By Stephen Smoot
More than 50 came to Richard Homan Memorial Park in Sugar Grove to honor those who performed the ultimate sacrifice in defending freedom while also remembering “Our Boys.”
George Armstrong welcomed those who came to attend the ceremony, saying, “I didn’t think there would be a big crowd because of the weather, but thank you all for coming out.” Memorial Day came with gray skies and chilly temperatures, but the threat of rain dampened no spirits on this day of remembrance.
He also advised that “there’s a lot of work that’s gone into this park and I hope you enjoy it.”
Phillip Downs gave the opening prayer, imploring “our Heavenly Father” to “bless them abundantly for the hardships they faced.”
Armstrong then rose again, thanking the community for their superlative dedication to the memory of those who served. He said, “There’s no finer group of people I know of who remember their fallen soldiers like the people of Sugar Grove.” Armstrong remarked that he remembered a group of veterans who came from out of state. They told him they wished they could “put Sugar Grove in their pocket and carry it home” because of its support for veterans.
He next introduced the principal speaker of the day, retired United States Air Force officer and former county commission president Gene McConnell. Armstrong said of McConnell that “he’s always thankful of veterans and has worked to help veterans.”
McConnell opened by sharing that he had written a four-page speech on the origins of the day, but had received that morning a text of President Ronald Reagan’s 1983 Memorial Day address. He decided to read President Reagan’s words instead “because he described the ‘why.’”
Before starting, he stated that the day is for the “recognition of the people who have gone before . . . the world has never known an equal to what we know in this country today.”
From those words came “I don’t have to tell you how fragile this precious gift of freedom is. Every time we hear, watch, or read the news, we are reminded that liberty is a rare commodity in this world.”
McConnell also said, “These things are probably more important today than they were in 1983.”
Next came the reading of the names of the fallen. Allen Moats read off the names of those taken in World War I. Armstrong said prior to introducing Steven O’ Toole’s reading from World War II that “bear with him. It’s his first time and there’s a long list.”
Daniel Roberson and James Koontz read from the Korean and Vietnam Wars, respectively.
Downs then returned to offer the closing prayer and blessing of the picnic lunch, sharing “bless this food for the nourishment of our bodies and enlightenment of our minds.”

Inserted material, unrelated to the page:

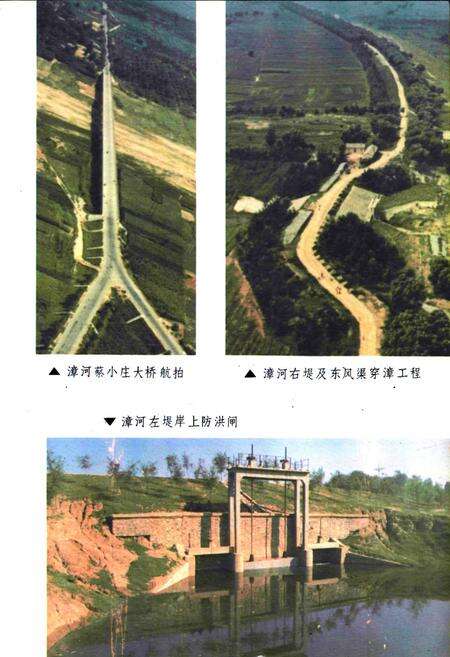 《《魏县水利志》》.pdf电子版_河北省志预览图5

Finally came the laying of the wreath and a moment of silence in lieu of “Taps” since no bugle player could attend.
Attendees then lined up to share a freshly grilled lunch of hamburgers and hot dogs. Hot dogs came with homemade chili sauce. An impressive spread of fresh made and delicious desserts also greeted guests.
At the front of the shelter, just to the left of the speakers, hung a display of “Our Boys.” These five very young men, Paul Smith, Roscoe Eckard, Oather Simmons, Frank Pitsenbarger, and Leo Mitchell, left Sugar Grove to fight for freedom in World War II. All died in action within 10 months of each other.

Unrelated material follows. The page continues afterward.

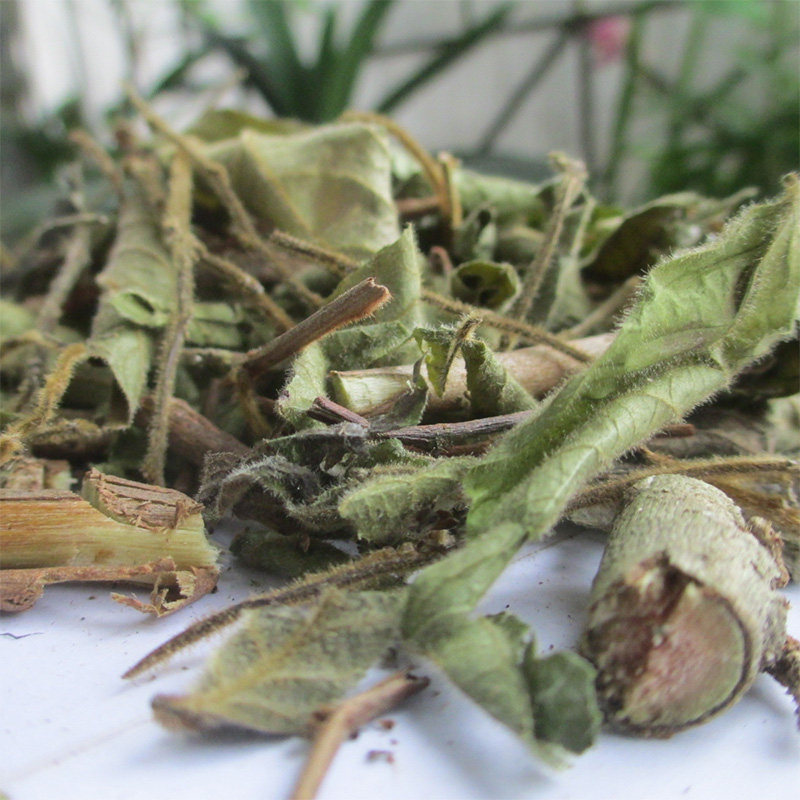 500g漆大姑大毛漆毛七哥公算盘子野南瓜姑大伯无硫野生中药材包邮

Downs shared that “they’re local guys. Three of them are related to me.” He pointed out that the sister of one of the “boys” was in attendance that day.
“They grew up here in Sugar Grove,” he said, then added that when they first established the VFW Post for Sugar Grove, they decided to name it in honor of all five young men.”
“Our Boys” were not just neighbors, but family to the whole community, then and now. It is most fitting that their legacy remain remembered as a way to also honor the rest.